I'm sure that they don't. But if the paper was tagged in the post so it showed up in their news feed ...

I don't know whether they trawl through personal pages but the Leicester Mercury certainly has 'journalists' stalking all of the local facebook groups in Leicestershire and regularly asking for permission to share photos and copying posts depicting fairly everyday occurrences.

Happens all the time. Not at all unusual to get stories from social media, and far from just newspapers who do it; radio, TV, and online all do it regularly. You do, of course, have to check and verify any information before you publish/air the story... unless you're a complete wombat.

The railway's own internal guidance is that when I passenger travels short on an Advance ticket they should not be charged provided there is no higher fare avoided.

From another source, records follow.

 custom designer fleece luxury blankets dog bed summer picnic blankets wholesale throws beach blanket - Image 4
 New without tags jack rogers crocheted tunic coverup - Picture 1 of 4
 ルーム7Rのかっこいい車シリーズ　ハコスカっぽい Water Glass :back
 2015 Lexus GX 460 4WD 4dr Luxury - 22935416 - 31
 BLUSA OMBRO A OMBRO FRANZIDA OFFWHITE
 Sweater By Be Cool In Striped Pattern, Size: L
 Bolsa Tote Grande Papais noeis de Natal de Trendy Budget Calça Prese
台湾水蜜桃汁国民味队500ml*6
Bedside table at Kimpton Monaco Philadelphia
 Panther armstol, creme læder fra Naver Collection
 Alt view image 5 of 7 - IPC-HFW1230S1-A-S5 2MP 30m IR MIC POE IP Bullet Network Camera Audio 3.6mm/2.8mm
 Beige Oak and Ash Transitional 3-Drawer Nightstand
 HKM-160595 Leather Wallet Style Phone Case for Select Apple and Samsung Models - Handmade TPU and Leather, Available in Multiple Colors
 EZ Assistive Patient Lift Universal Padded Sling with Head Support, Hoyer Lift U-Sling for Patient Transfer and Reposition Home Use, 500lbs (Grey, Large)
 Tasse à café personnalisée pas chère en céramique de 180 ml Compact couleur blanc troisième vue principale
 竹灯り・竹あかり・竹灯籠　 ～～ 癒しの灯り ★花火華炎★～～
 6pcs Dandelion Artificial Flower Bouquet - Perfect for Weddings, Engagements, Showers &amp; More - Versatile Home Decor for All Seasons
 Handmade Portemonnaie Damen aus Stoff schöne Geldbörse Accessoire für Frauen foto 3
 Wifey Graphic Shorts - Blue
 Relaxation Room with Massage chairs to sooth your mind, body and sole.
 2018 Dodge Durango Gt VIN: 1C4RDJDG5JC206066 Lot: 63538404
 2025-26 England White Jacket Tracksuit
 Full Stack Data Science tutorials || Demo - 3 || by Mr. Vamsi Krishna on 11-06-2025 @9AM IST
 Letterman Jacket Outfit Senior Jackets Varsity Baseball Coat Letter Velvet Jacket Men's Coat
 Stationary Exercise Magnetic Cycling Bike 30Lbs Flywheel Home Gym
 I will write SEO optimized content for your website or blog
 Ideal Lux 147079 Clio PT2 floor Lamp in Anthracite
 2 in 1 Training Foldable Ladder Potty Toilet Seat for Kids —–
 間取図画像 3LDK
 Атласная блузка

The agreed process is that the customer should not be charged extra in these circumstances unless it was clear he started short to gain monetary benefits, which in the case of EMT Advances between Nottingham/EMD and London, I don't think would apply.

Anyway, back to the point: does railway policy therefore mean that - as long as I don't do it to save money - I can start/finish short on an already purchased Advance ticket if, for example, my plans change? And, if there were a higher fare which should have been paid, that I should be charged an excess rather than being forced to buy a whole new ticket? If that's so, it's certainly an element of flexibility to Advance tickets of which I was previously unaware.

For clarity, I'm not talking about deliberately using this mechanism to obtain a cheaper fare, that would be clearly against the rules. Rather, I'm thinking about where a genuine change of plans occurs and a shorter journey needs to be made.